How will Harvard determine the guilt (or innocence) of students charged with cheating in last spring’s Intro to Congress course? A tipster writes in:

My Resident Dean told me that:

1. if you sat down and took the exam with others, discussed the exam with others, for whatever reason – RWD [Require to Withdraw] / Failure of the Course
2. If you received information while the exam was out, be it answers, notes, study guides, etc – RWD / Failure of the Course
3. If your overlap is because of shared notes, shared study guides, shared information before the exam – scratch or take no action
4. If you sent information, be it answers, notes, study guides, etc, while the exam was out – RWD

Most importantly, The board will not take the “culture of collaboration” that has existed in the course for many years when reaching it’s decision. They will leave the sanctioning of the course up to the government department

Interesting: My RD told me that students will have to prove their stories. If you say you shared notes…you must produce them. if you say you used study guides, you must produce them, if you said you sent an email, you must produce it – or else the board will think you’re lying. I reminded her that the ad board is not a court of law and do not have a burden of proof to meet. she said that in a case like this, you just have to prove your story

6 Responses to “Harvard to be Harsh on ‘Intro to Congress’ Cheaters: New Details”

  1. CitizenWhy Says:

    The university, the professor, and the department will take no responsibility. If you have power, you’re always exempt. If you’re an institution you are always superior to the individual. Learn this lesson, kids, snatch power, and affiliate with a rich and powerful institution that everyone admires and “respects.”

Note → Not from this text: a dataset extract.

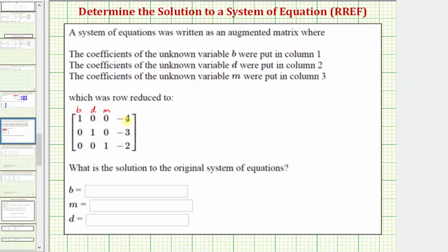Looking at the first row, the coefficients of d and m are both zero. So this first row represents the equation one b equals negative four, which means b equals negative four. Looking at the second row, the coefficients of b and m are both zero. So the second row gives us the equation one d equals negative three, or d equals negative three.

  2. Some Serious Business Here Says:

    Wait so “required to withdraw” means expulsion?

    Those kids must be scared out of their minds then. And I feel bad for the kids in the class who weren’t involved in any of this.

  3. H alum Says:

    No, it means you have to take a year off from school.

  4. leoniceno Says:

    This does seem harsh, and it doesn’t seem like the apportionment of blame for this incident is going where it needs to. But of course, Harvard has to show that it has taken severe action or its reputation will be damaged.

  5. Jamara Says:

    This highlights the kind of unusual situation at Harvard where failing one course (with or without cheating being involved) means you have to withdraw from the school for at least a year if not longer.

    I still think it says more about the class than about the students that 125 kids took part in this behavior. That goes from being a “cheating ring” to being something wrong baked in to the course.

  6. H alum Says:

    Failing one course puts you on academic probation.